When you durst do it, then you were a man;
And, to be more than what you were, you would
Be so much more the man. Nor time nor place
Did then adhere, and yet you would make both:
They have made themselves, and that their fitness now
Does unmake you. I have given suck, and know
How tender ’tis to love the babe that milks me:
I would, while it was smiling in my face,
Have pluck’d my nipple from his boneless gums,
And dash’d the brains out, had I so sworn as you
Have done to this.

This passage is said by Lady Macbeth. What I shall write for the following paragraph shall be Ambition and Loyalty.

In the stage play “Macbeth”, which was written by Shakespeare, there is a wife who makes her husband do as he said he would, for her own goals. We can see this as Lady Macbeth tells Macbeth how she would “dash’d the brains out, had I so sworn as you Have done to this” when describing just how committed to a promise she can be, and to what lengths Macbeth should go to achieve her goals. From this we see how Shakespeare can use words to bring an idea of imagery to mind, in this case, of a baby’s head being smashed open. From saying all this and  “Nor time nor place Did then adhere, and yet you would make both” allows us to understand Lady Macbeth’s own ambition to get all that she can in life, even if it is probably impossible. And from her own ambition, she also expects loyalty from Macbeth, no matter how horrible it is. Because of these words Shakespeare has managed to describe just how wrong ambition can be in the hands of someone who uses it for personal gain, and will do anything to get what they want. Shakespeare also describes in this moment how loyalty is demanded by the ones who want it all, and that there should be a limit to how loyal to a promise you are or you could become what most people view as evil. And if you do become this definition of evil, then what ever the promise you were completing, it simply won’t be worth it anymore.

Act 5 scene 5 passage.

To-morrow, and to-morrow, and to-morrow,
Creeps in this petty pace from day to day
To the last syllable of recorded time,
And all our yesterdays have lighted fools
The way to dusty death. Out, out, brief candle!
Life’s but a walking shadow, a poor player
That struts and frets his hour upon the stage
And then is heard no more: it is a tale
Told by an idiot, full of sound and fury,
Signifying nothing.

Said by Macbeth. Said when Lady Macbeth died. What I take this to mean, is that Macbeth is talking about how death will continue to come. With all this time passing us, death only gets closer, and it will continue to come, even if you believe yourself to be immortal, and shall last all of time. And as it gets closer, life will go out(Out, out, brief candle!). Life is a shadow, that will only last a rather small amount of time. Then he says how not matter what your position in life is, it has no point. Life is stupid, and has no point. He is feeling despair, pointlessness, or maybe even worthlessness.

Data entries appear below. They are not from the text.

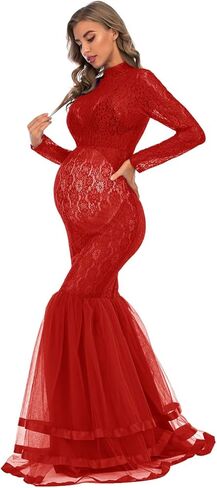 ZIUMUDY Elegant Lace See-Through Maternity Gown for Photo Shoot Long Sleeve Tulle Tutus Maxi Photo Props Dress in Kuwait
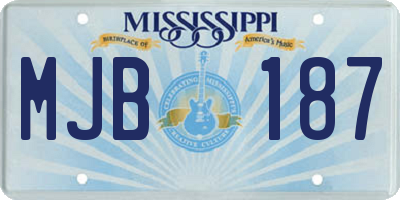 MS license plate MJB187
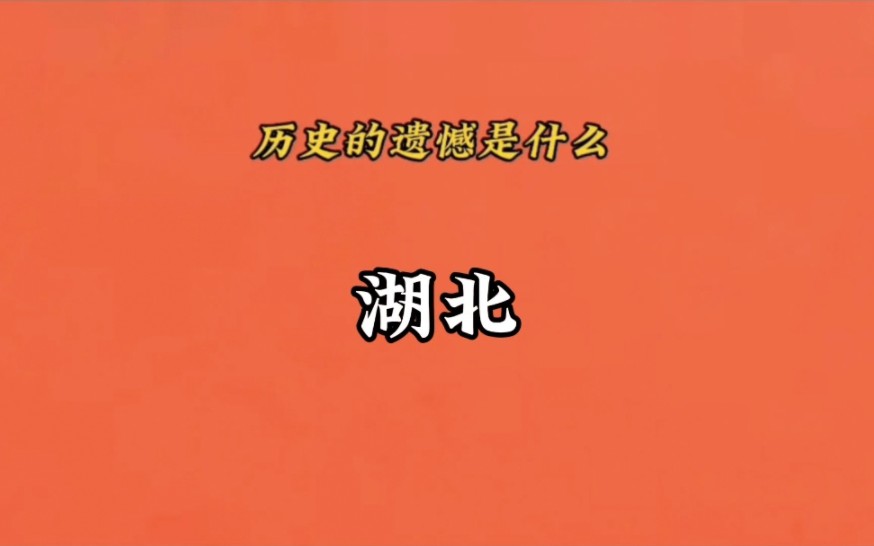 “所以历史的遗憾到底是什么呢”《湖北篇》哔哩哔哩bilibili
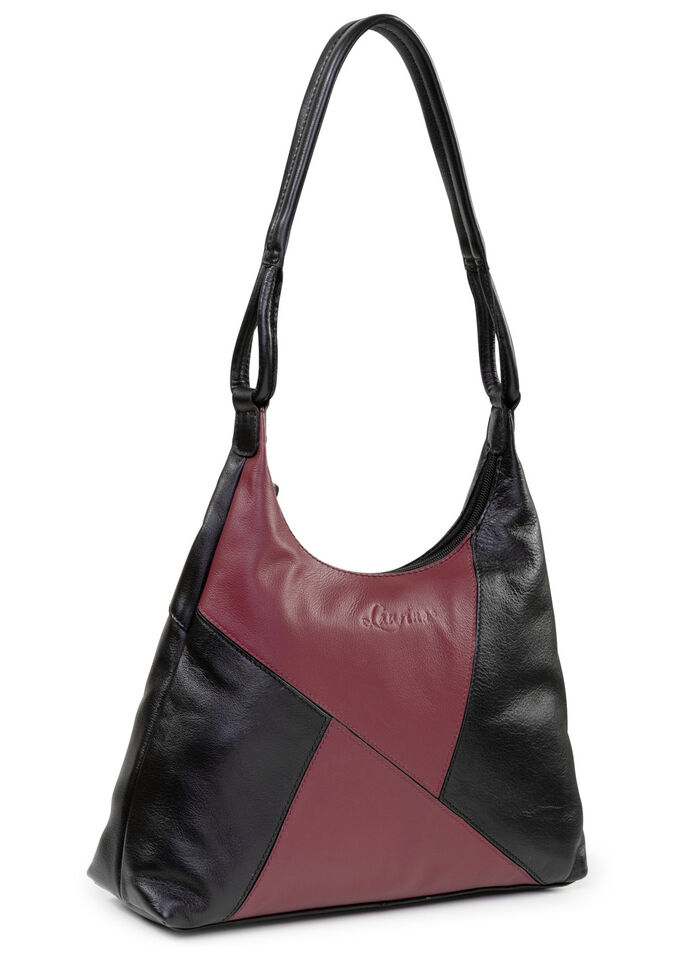 Laurina, Tasche, Damen, aus Leder SCHWARZ-BORDEAUX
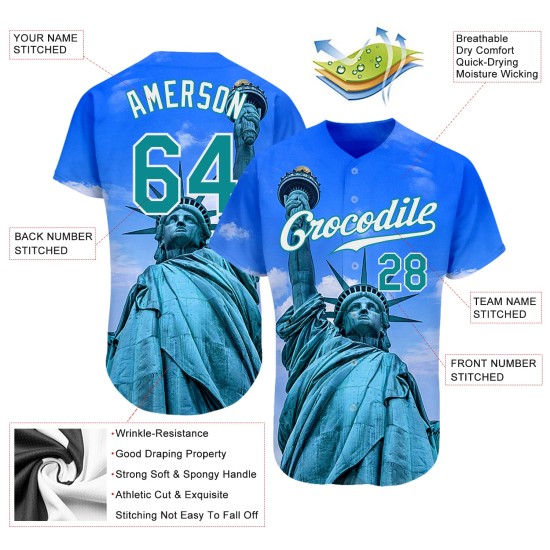 Liberty Kelly Green-White 3D Pattern Royal Of Custom Authentic Jersey Design Baseball Statue Liberty Kelly Green-White 3D Pattern Royal Of Custom Authentic Jersey Design Baseball Statue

Macbeth pretty much says that: “Some time soon we all die, and there isn’t a thing we can do about it. And what we did before has no point. Our lives are brief and will disappear without us even noticing. Life is just a shadow on this world, basically, of no material power over anything else. In fact, what we do is just a brief look on reality, a mere imitation and act that you put on. Which will end to never be heard from again. Your life is just a story, to be looked on by others as full of fury, and leading to nothing important.”